Researchers from the RIKEN-MIT Center for Neural Circuit Genetics, USA, report memory retrieval in mouse models of Alzheimer’s disease (AD) using optogenetics to identify and activate engram cells (Nature, doi: 10.1038/nature17172). In addition to temporarily restoring memory recall, the authors say, their procedure also seems to point a finger at impaired memory retrieval as being the source of memory loss for people with early-stage AD, rather than poor memory storage or encoding.

Digging into AD memory loss

It’s unclear what mechanisms in the brain cause memory loss in the early stages of AD—is it the result of faulty coding, or is it a recall problem? Using a mouse model of early AD, researchers led by Susumu Tonegawa say that it’s a retrieval problem, not a storage impairment problem. Specifically, they propose that a decrease in the number of dendritic spines—protrusions at the end of nerve cells that propagate electrochemical signals, which are essential for memory retrieval—brings about the kind of memory loss characteristic of AD.

The team’s recent optogenetic study focused on memory traces—engrams—in the dentate gyrus of the hippocampus in mice with Alzheimer’s-like memory loss. First, they optogenetically labeled nerve cells in the dentate gyrus so that they could identify the neurons in a specific engram from the light they emitted. A second optogenetic tag was added to nerve cells in the engram to make them sensitive to light, allowing the researchers to activate the engram with 473-nm light pulses via an implanted optical fiber.
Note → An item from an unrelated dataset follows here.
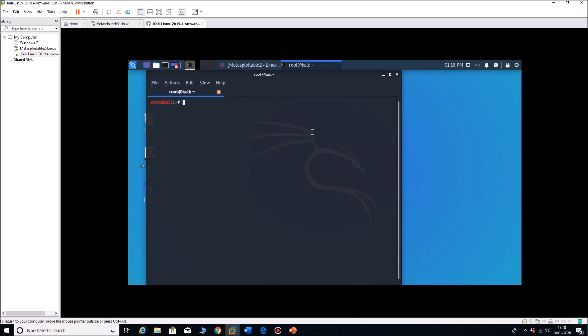So I hope you found that short series of exercises on nmap useful and I'll look forward to doing the next lesson.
Restoring memory with a light burst

The researchers observed that when these engrams in the AD-model mice were activated, the behavior linked to that specific engram was restored, but the effect faded within a day. When they examined the dendritic spines in these mice, they noted fewer dendritic spines. To increase the number of spines, the researchers exposed the engram to high-frequency bursts of light. The mice recovered their memory, and this time maintained recall for up to six days, leading and his colleagues to link memory loss to dendritic spine loss.

This work is an extension of the RIKEN-MIT group’s research on identifying and activating memory cells, similar to a recent study by a Geneva-based group that also used optogenetics to investigate the mechanisms that control neuron recruitment during memory formation in mouse models www.osa-opn.org/news/memoryformation.